No
meu tempo de escola primária, algumas crédulas e ingénuas pessoas,
a quem dávamos o respeitoso nome de mestres, ensinaram-me que o
homem, além de ser um animal racional, era, também, por graça
particular de Deus, o único que de tal fortuna se podia gabar. Ora,
sendo as primeiras lições aquelas que mais perduram no nosso
espírito, ainda que, muitas vezes, ao longo da vida, julguemos
tê-las esquecido, vivi durante muitos anos aferrado à crença de
que, apesar de umas tantas contrariedades e contradições, esta
espécie de que faço parte usava a cabeça como aposento e
escritório da razão.
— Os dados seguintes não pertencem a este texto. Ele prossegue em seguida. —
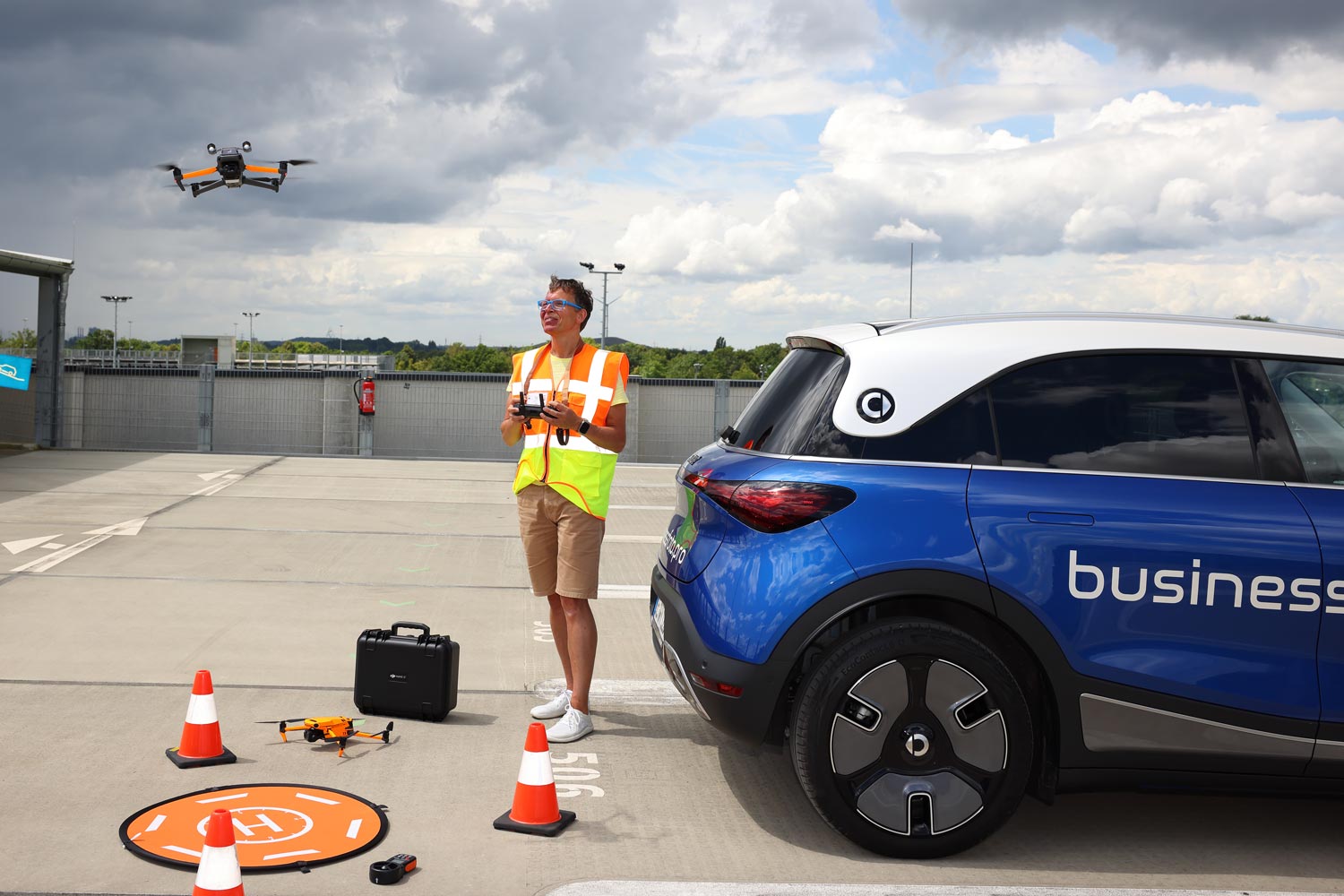 Fernpilot Marco Wydmuch in Aktion beim Drohnenflug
Certo era que o pintor Goya, surdo e sábio,
me protestava que é no sono dela que se engendram os monstros, mas
eu argumentava que, não podendo ser negado o surgimento dessas
avantesmas, tal só acontecia quando a razão, pobrezinha, cansada da
obrigação de ser razonável, se deixava vencer pela fadiga e
mergulhava no esquecimento de si própria. Chegado agora a estes
dias, os meus e os do mundo, vejo-me diante de duas probabilidades:
ou a razão, no homem, não faz senão dormir e engendrar monstros,
ou o homem, sendo indubitavelmente um animal entre os animais, é,
também indubitavelmente, o mais irracional de todos eles. Vou-me
inclinando cada vez mais para a segunda hipótese, não por ser eu
morbidamente propenso a filosofias pessimistas, mas porque o
espectáculo do mundo é, em minha fraca opinião, e de todos os
pontos de vista, uma demonstração explícita e evidente do que
chamo a irracionalidade humana. Vemos o abismo, está aí diante dos
olhos, e contudo avançamos para ele como uma multidão de lemings
suicidas, com a capital diferença de que, de caminho, nos vamos
entretendo a trucidar-nos uns aos outros.